How to juggle accounts for a bigger bang?

This incident is still vivid in my mind. Quite many years ago I came to know of this group of companies and how well they paid out bonuses according to each subsidiary's performance. Some averaged 3 months some averaged 6 months and the exceptional ones got 12 months. All looked clean and fair, according to the books. Indeed the payout of bonuses was according to the book, actually according to the cooked book. One of the subsidiary companies actually cooked the book, brought in all future sales, WIP, etc and recorded as realised revenue and profits. That year the company was like boomtown Charlie. Every employee got 12 months bonuses. Not sure how many months the CEO and the top management staff got for cooking the book. What happened the next few years, never mind. The boat will straighten as it reaches the bridge. If the next few years lose money, take lesser bonuses. But one good year every now and then is good enough. For good years, the reward is amazing. For bad years, no sweat, the pay is still there. And if the company goes bust, just too bad. Find another company. This is the beauty of being in the corporate world and managing public companies, and being an employee. You never stand to lose your capital nor your pay, except if the company closes down. But when the company chalks up big profits, take as much as you can. Claim all the credits despite the fact that a large part of the profits were money makes money. Does anyone ask how much profit should be generated from the capital invested before talking about the excess profits? As an example, if the company has an asset of $1b, assuming that this money should give a decent return of 10%, given the risk in business, otherwise park in the bank for guaranteed risk free interest, a $100m profit is just about acceptable. Nothing to crow about. Only when profit is in excess of 10% would it be considered a contribution from the management and employees. (Not counting cooking books) It is not uncommon for management of a $1b company to crow about great profits and demand big bonuses even if the profit is less than 10% of the asset and capital invested. Another common practice by hedge funds or fund managers is to measure their performance with market indices. If they perform better than such indicators, they have done well, and need to be rewarded. Thus if everyone is losing 70% of their investment and if one is losing 60%, that one has done well. Clever accounting and clever logic.

1 comment:

Matilah_Singapura said...

The wonderful thing about being a private corporation as opposed to a public corporation is that you can pay yourself as much as you think you deserve — as long as you are smart enough to earn that money in the first place.

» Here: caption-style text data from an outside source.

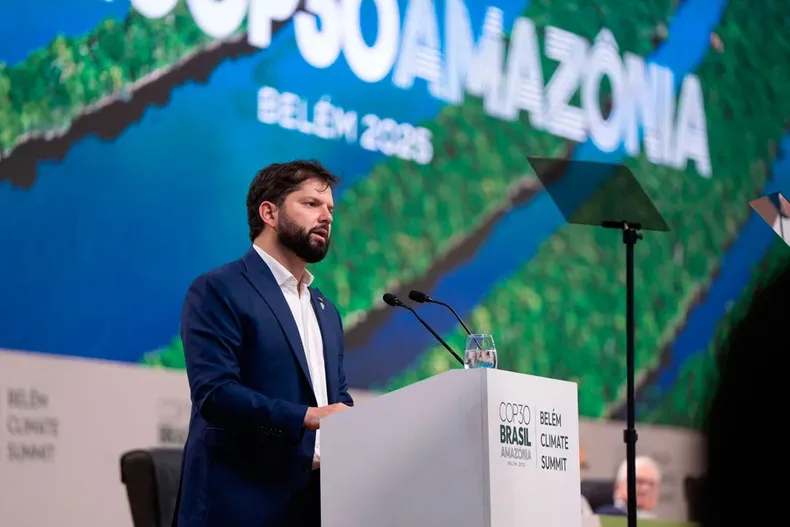 25380 boric cop.webp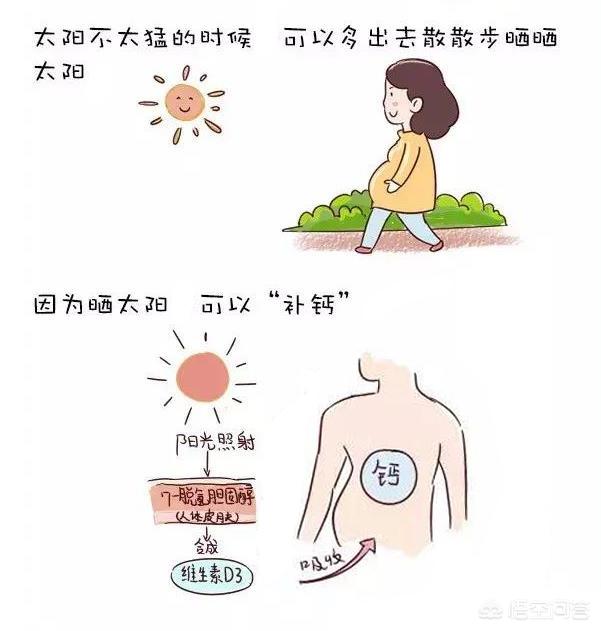 孕期的时候孕妇可以进行哪些运动？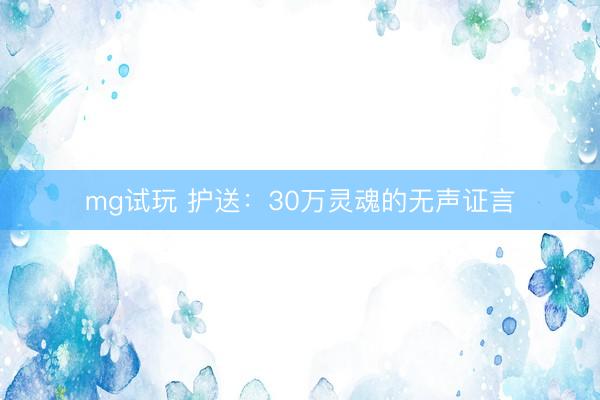 mg试玩 护送：30万灵魂的无声证言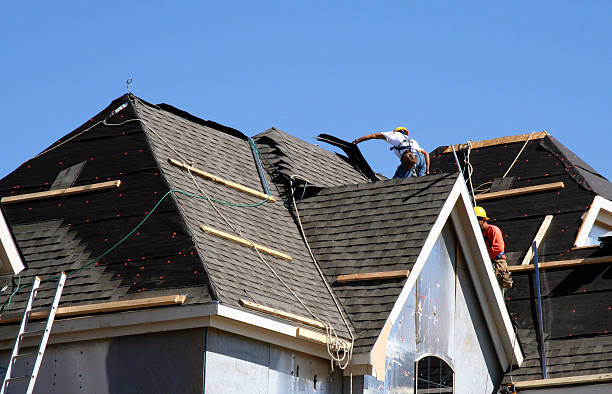 Best Roof Gutter Cleaning  in Escobares, TX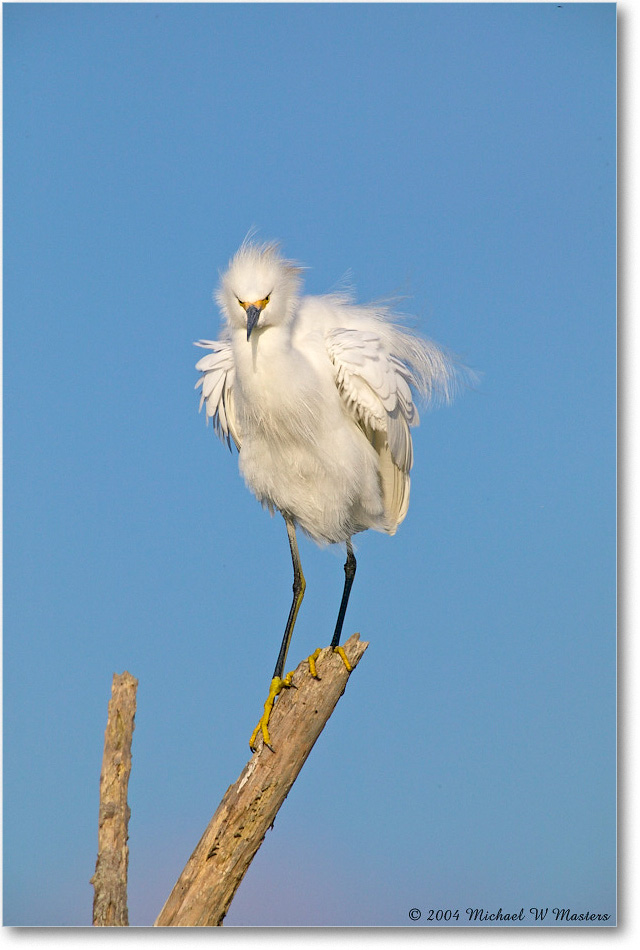 SnowyEgret_ChincoNWR_2004Oct1_FFT5759 copy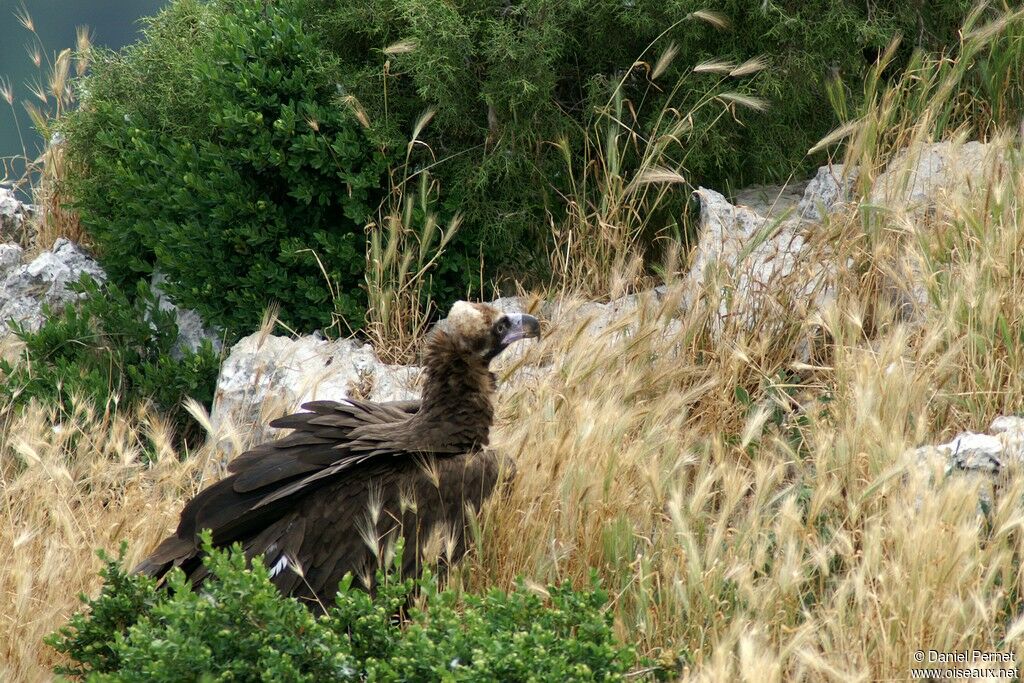 Vautour moineadulte, identification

At least in places like S'pore and Hong Kong (and many other places in Asia) you can still run a thriving SME and be sustainable — look at the many family companies all over Asia.

If you try that shit in the west, the govt and its pals in big business will shit all over you and finish you off.

The western press is fast to accuse Asians of "crony capitalism". They are full of shit, and should clean up their own bio-hazardrous backyards first.

What do you think goes on in America and Europe — so-called bastions of freedom and democracy? Just have a look at Wall St and observe the cosy relationships between government and big business. Look at the US Federal Reserve and note that it is a PRIVATE concern protected by an Act of Congress.

The US Fed is the BIGGEST govt-private "partnership" in the whole frickin' world. They can PRINT MONEY, and BORROW as much of YOUR money (even if you live in another country) as they need. If this isn't crony capitalism, then all our mothers are still virgins.

Asian Crony Capitalism? Let it rock, and carry on lah.